I had forgotten how loud the sound of a wood pigeon can be, but waking to its insistent cooing is what reminds me that I am in Walsingham. A less digital-sounding alarm I cannot imagine. It invites me to begin a couple of days’ retreat with friends and co-workers from Rachel’s Vineyard and Grief to Grace, ministries which bring deep spiritual psychological healing to those traumatised by abortion, and sexual and emotional abuse. These ministries are run by teams of dedicated volunteers, and an annual time of prayer and reflection together is important to renew us in the conviction that, unless the Lord builds the house, in vain do the builders labour.
We stay with the Community of Our Lady of Walsingham in their newly opened retreat centre, the Dowry House. This is a large, redbrick Georgian house on the High Street, almost opposite the medieval gate of the ancient priory. I remember it from my youth as the Sue Ryder shop. It is the kind of place that would make a child immediately want to play hide-and-seek. It has several staircases, yards of winding corridors, attic rooms in its Dutch-gabled roof and a deep cellar. It has been beautifully refurbished and is light, airy and welcoming, adorned throughout with beautiful statues and reliefs of Our Blessed Lady and the Holy Family.
If playing is engaging in an activity for recreation rather than practical purpose, I suppose one might characterise a couple of days’ retreat as a kind of spiritual hide-and-seek. Indeed, it can often feel so, because even in the emerging awareness that one is in some way hiding from God, one is also asserting the truth that he is looking for me and my deepest desire is to be found.

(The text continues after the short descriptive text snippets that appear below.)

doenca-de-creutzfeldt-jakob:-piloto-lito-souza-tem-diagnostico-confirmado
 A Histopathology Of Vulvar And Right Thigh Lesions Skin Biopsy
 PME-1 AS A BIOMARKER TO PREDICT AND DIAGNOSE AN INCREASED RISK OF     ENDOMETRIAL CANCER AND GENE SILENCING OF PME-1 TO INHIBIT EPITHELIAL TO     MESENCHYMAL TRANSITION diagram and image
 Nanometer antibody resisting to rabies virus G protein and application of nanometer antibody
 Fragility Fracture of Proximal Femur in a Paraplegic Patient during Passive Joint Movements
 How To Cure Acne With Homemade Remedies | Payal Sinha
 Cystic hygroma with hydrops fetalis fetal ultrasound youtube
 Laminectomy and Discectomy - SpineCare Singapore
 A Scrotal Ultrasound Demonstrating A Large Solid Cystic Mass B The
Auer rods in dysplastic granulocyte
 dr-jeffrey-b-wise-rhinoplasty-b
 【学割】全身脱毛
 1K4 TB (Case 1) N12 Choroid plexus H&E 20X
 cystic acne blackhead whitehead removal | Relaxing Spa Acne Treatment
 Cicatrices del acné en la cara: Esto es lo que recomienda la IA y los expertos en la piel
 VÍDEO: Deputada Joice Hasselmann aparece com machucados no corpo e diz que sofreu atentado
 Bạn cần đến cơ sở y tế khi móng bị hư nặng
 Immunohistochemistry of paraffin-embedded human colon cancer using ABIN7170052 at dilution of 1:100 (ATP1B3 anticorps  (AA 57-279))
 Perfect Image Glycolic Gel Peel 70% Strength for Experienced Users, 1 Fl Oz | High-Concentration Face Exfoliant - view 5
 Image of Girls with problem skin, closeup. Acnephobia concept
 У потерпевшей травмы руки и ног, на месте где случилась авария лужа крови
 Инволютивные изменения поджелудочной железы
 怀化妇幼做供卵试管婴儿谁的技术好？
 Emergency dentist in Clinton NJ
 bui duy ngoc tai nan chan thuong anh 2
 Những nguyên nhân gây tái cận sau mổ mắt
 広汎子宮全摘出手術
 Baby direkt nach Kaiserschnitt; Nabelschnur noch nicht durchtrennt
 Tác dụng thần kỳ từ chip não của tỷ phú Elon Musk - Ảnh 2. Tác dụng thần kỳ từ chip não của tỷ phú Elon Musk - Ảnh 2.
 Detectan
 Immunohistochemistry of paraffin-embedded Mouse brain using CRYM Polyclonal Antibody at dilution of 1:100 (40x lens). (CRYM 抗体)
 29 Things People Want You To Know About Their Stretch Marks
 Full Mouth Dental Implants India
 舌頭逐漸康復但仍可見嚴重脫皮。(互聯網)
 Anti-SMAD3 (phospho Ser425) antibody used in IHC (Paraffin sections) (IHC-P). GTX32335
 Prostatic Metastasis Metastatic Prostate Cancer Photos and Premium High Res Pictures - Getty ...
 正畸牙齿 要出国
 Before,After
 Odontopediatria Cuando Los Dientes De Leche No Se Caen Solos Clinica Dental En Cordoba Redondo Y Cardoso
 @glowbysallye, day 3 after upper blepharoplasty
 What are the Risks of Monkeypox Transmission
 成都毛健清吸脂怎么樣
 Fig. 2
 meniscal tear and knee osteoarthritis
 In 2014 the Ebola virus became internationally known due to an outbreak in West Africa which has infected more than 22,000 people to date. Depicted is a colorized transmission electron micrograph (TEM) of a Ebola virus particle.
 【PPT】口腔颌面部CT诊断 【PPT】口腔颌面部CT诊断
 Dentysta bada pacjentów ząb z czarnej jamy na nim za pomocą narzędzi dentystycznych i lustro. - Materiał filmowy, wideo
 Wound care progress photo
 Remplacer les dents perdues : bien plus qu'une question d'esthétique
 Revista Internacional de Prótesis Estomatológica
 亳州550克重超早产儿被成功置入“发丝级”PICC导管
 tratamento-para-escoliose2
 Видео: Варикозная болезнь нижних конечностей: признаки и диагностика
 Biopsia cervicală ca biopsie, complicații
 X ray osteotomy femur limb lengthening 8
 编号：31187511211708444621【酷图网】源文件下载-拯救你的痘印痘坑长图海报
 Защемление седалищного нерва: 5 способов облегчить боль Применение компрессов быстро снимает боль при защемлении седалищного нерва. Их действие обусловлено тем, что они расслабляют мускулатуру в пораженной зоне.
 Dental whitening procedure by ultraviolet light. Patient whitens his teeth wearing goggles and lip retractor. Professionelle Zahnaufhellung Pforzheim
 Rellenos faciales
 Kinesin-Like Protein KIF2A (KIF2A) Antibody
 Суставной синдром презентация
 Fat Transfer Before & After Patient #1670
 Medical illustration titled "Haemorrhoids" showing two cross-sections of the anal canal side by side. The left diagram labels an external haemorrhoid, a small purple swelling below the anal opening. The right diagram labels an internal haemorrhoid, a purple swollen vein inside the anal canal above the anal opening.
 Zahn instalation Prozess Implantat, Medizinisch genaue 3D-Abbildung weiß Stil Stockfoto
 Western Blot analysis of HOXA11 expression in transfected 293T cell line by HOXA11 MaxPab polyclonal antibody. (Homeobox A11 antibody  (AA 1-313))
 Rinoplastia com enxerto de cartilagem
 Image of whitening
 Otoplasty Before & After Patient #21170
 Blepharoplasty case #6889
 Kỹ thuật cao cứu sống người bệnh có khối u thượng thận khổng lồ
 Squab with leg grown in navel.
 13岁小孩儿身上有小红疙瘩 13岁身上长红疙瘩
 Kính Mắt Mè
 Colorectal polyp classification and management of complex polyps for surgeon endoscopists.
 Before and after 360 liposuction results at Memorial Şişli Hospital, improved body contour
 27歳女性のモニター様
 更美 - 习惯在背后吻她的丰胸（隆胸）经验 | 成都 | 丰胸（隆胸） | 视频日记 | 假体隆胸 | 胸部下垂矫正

My spiritual child waits breathless for that half-fearful, half-rapturous moment when I am discovered, or else how can the game go on, continuing its recreative purpose?
Similarly, all my long expectation and disappointment, as I seek him in vain in all the places I thought most likely, must be sustained by the certainty that, if I admit defeat, he will reveal himself, for he too has hidden only that I should seek him more eagerly, only so that he may be found.
And so by degrees I do find him, getting warmer and warmer as I walk the Pilgrim Way through the fields in a riot of high summer, where a thousand thousand wheat stalks sway as one movement on the slope of the hillside, a nap of yellow velvet suddenly brushed by a giant unseen hand. I get intimations that he is near in the scent of the wild thyme and spearmint in the heat of the day, the perfume of lime trees or the cow parsley at dusk. I imagine that I glimpse him trailing folds of scarlet poppies and purple-loosestrife.
I fancy that I begin to hear him in the silence of the vast starlit night, or catch his breathing as a passage of Scripture falls open. I feel only a thin veil separating us as I raise the small white Host.
In this context it occurs to me that the intercession of Our Lady of Walsingham is a little like that of a mother who, seeing me struggling and increasingly frustrated after looking in many places, takes pity on my littleness and enters into the game by taking my side and secretly indicating where he, the stronger, is. For she sees that I am weary and she knows where he is hidden, for he also is her Son as I am. She will show me where and how to find him.
For she once hid him, first in her heart and then in her womb, but only to bring him forth. This truth is the history and meaning of Walsingham, England’s Nazareth. In 1061 the Lady Richeldis was told to build a replica of the house where the Annunciation happened. For Mary said to her that she wished that those who came might share in the joy of her angelic salutation.
What is that joy? It is that God was made flesh. He does not wish to be hidden, remote, unknowable. He has entered into humanity’s condition. He has revealed the depth of his love for humanity. He has come to seek us out and to be found by us.
This is the joy of the angelic salutation, “The Lord is with you.” Our joy, like Mary’s, is to be with him in all the moments of our earthly life, living by the faith that he desires to find us even more than we desire to find him.